◆ Task description
Beginning with the first line of the material, set down each line exactly as written, up to and including the line with "Grape Wine Pattern".

***

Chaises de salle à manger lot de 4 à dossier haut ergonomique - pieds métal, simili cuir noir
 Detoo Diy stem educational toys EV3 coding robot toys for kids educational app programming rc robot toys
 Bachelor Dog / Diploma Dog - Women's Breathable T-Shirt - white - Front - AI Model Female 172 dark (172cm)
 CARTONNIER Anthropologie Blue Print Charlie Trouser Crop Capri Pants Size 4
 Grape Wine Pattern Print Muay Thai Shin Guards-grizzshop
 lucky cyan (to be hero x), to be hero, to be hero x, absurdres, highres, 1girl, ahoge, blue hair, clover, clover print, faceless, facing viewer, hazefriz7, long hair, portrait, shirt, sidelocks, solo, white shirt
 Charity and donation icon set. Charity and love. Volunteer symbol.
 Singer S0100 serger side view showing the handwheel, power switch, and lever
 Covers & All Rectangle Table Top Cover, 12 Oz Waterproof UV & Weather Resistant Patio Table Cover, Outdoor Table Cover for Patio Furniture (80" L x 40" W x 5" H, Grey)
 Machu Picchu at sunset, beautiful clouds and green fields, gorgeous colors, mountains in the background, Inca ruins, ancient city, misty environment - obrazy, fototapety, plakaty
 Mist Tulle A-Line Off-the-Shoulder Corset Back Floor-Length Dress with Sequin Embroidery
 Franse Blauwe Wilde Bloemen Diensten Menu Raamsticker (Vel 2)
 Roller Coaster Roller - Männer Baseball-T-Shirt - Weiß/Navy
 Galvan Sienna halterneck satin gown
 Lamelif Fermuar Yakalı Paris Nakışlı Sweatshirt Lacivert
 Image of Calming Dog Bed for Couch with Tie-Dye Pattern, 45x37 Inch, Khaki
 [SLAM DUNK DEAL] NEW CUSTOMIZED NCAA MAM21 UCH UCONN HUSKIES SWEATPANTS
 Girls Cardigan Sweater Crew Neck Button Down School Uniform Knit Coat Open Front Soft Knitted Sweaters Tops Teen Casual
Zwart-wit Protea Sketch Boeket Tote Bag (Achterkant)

***

◆ Solution to this problem
Chaises de salle à manger lot de 4 à dossier haut ergonomique - pieds métal, simili cuir noir
 Detoo Diy stem educational toys EV3 coding robot toys for kids educational app programming rc robot toys
 Bachelor Dog / Diploma Dog - Women's Breathable T-Shirt - white - Front - AI Model Female 172 dark (172cm)
 CARTONNIER Anthropologie Blue Print Charlie Trouser Crop Capri Pants Size 4
 Grape Wine Pattern Print Muay Thai Shin Guards-grizzshop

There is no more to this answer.